Crawled caption data:
________________
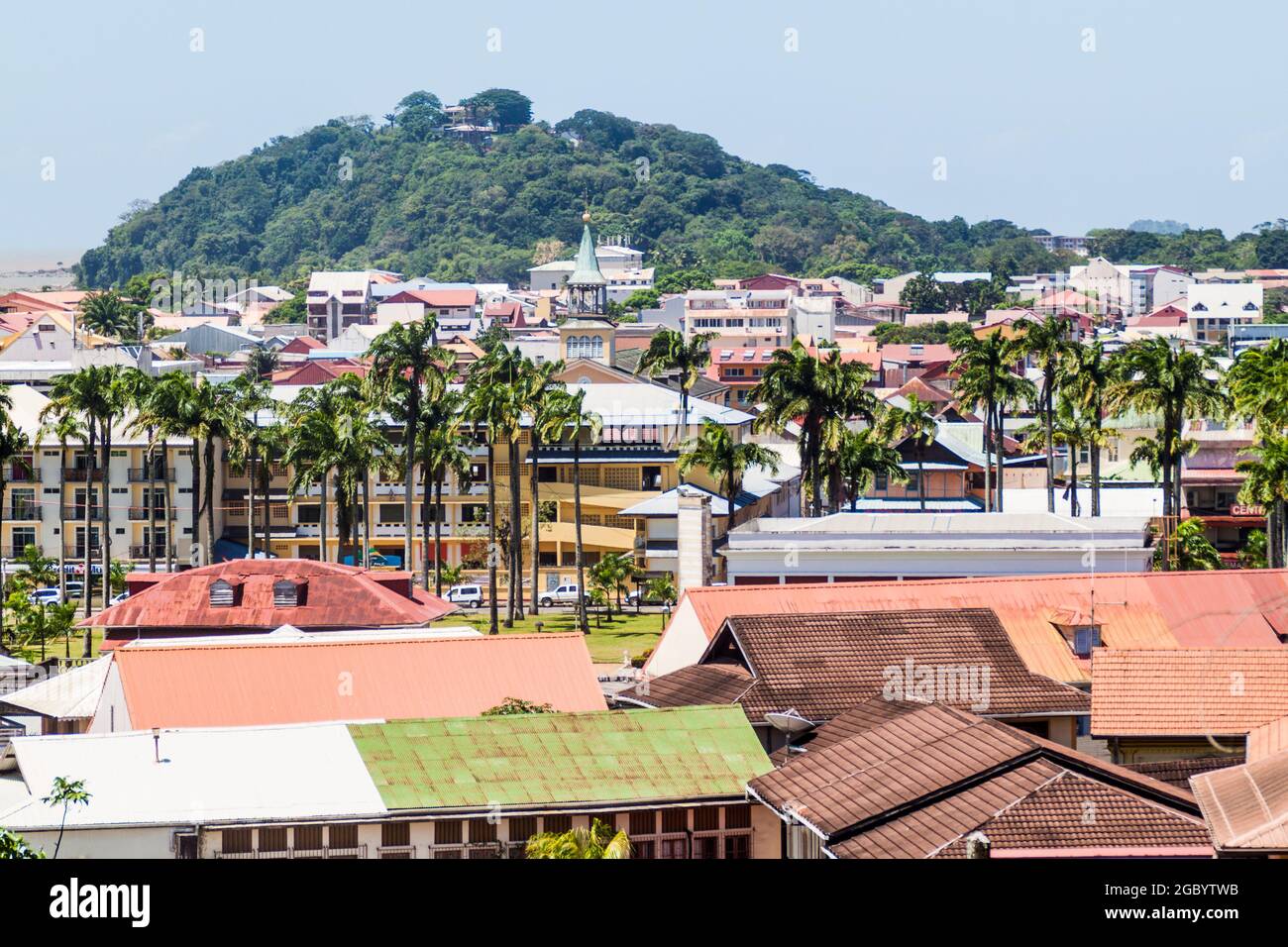 Aerial view of Cayenne, capital of French Guiana Stock Photo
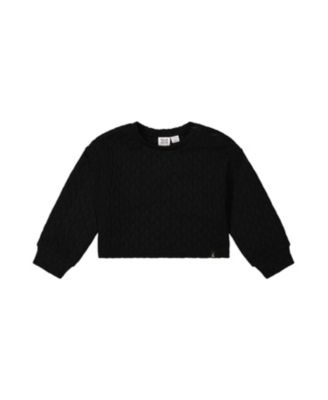 Girls' Quilted Diamond Shoulder Button Jacquard Sweatshirt - Big Kid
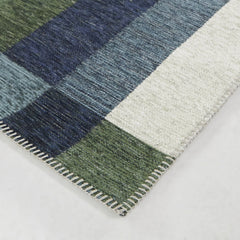 Indoor and Outdoor Area Rug, 7'10" x 10', Blue with Checkered Pattern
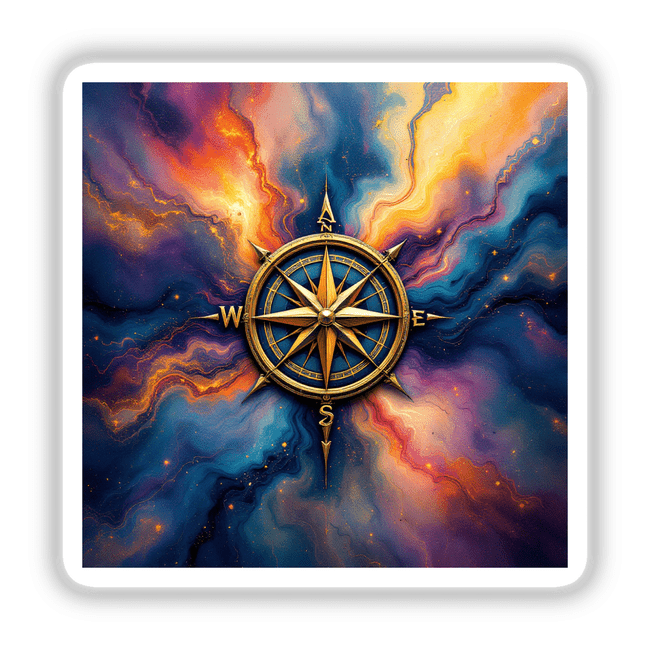 Compass Alcohol Ink Design featuring a gold compass amid a vibrant artistic background, offered as unique stickers or digital artwork from Decal Venue.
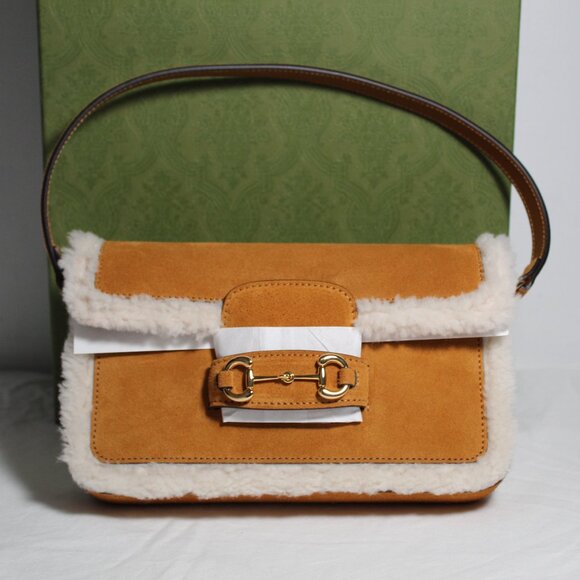 NEW Gucci Horsebit 1955 Shoulder Bag Flap Suede Sherpa 760319 - Picture 1 of 11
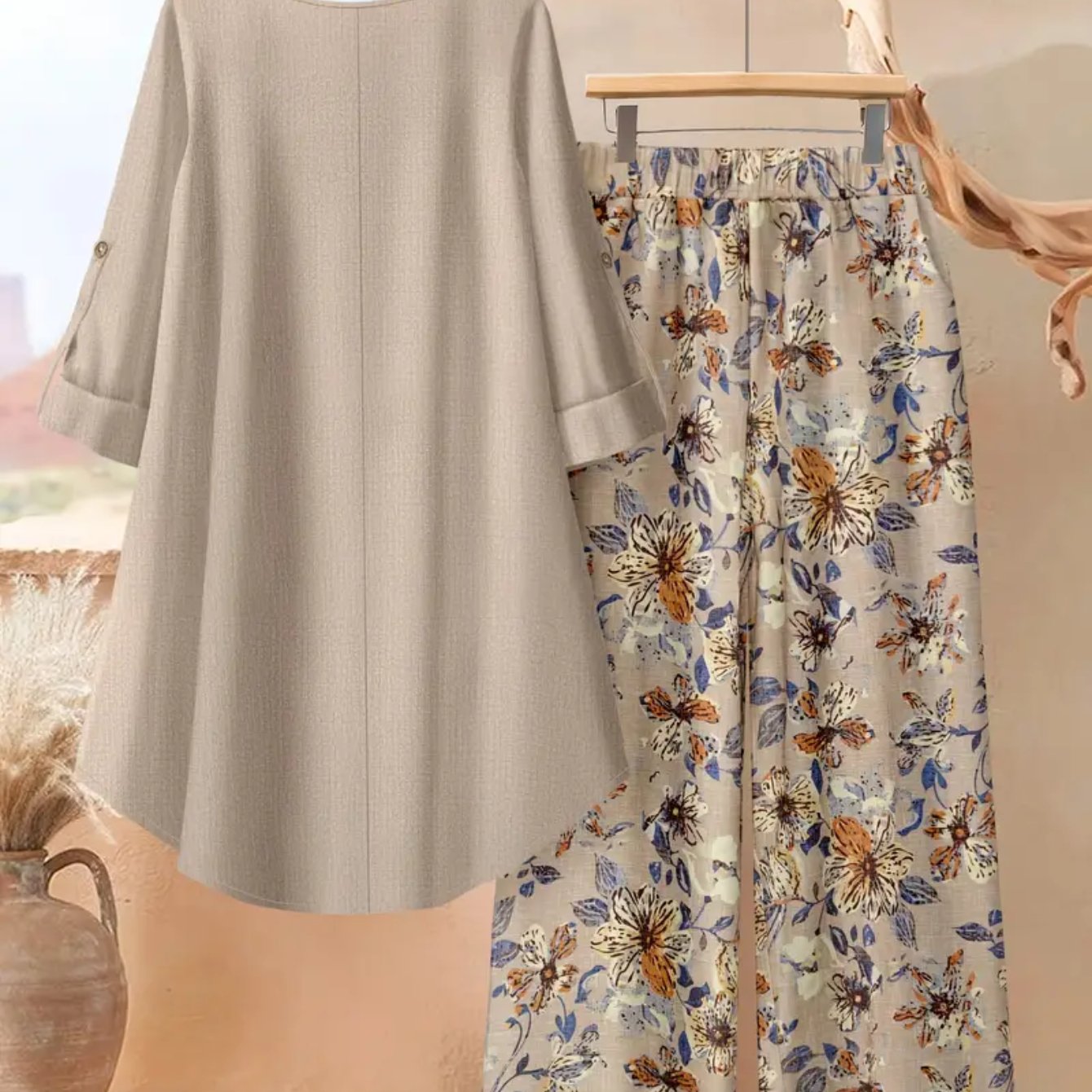 TEMU 1 Set Of Women's Vintage Literary Style Button Decoration Asymmetrical Mid-sleeve Top Colorful Floral Print Loose Wide-leg Pants Two-piece Autumn And Winter Casual Comfortable Suit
________________
Exact copies of the entries above are needed, without their pictures.

 Aerial view of Cayenne, capital of French Guiana Stock Photo
 Girls' Quilted Diamond Shoulder Button Jacquard Sweatshirt - Big Kid
 Indoor and Outdoor Area Rug, 7'10" x 10', Blue with Checkered Pattern
 Compass Alcohol Ink Design featuring a gold compass amid a vibrant artistic background, offered as unique stickers or digital artwork from Decal Venue.
 NEW Gucci Horsebit 1955 Shoulder Bag Flap Suede Sherpa 760319 - Picture 1 of 11
 TEMU 1 Set Of Women's Vintage Literary Style Button Decoration Asymmetrical Mid-sleeve Top Colorful Floral Print Loose Wide-leg Pants Two-piece Autumn And Winter Casual Comfortable Suit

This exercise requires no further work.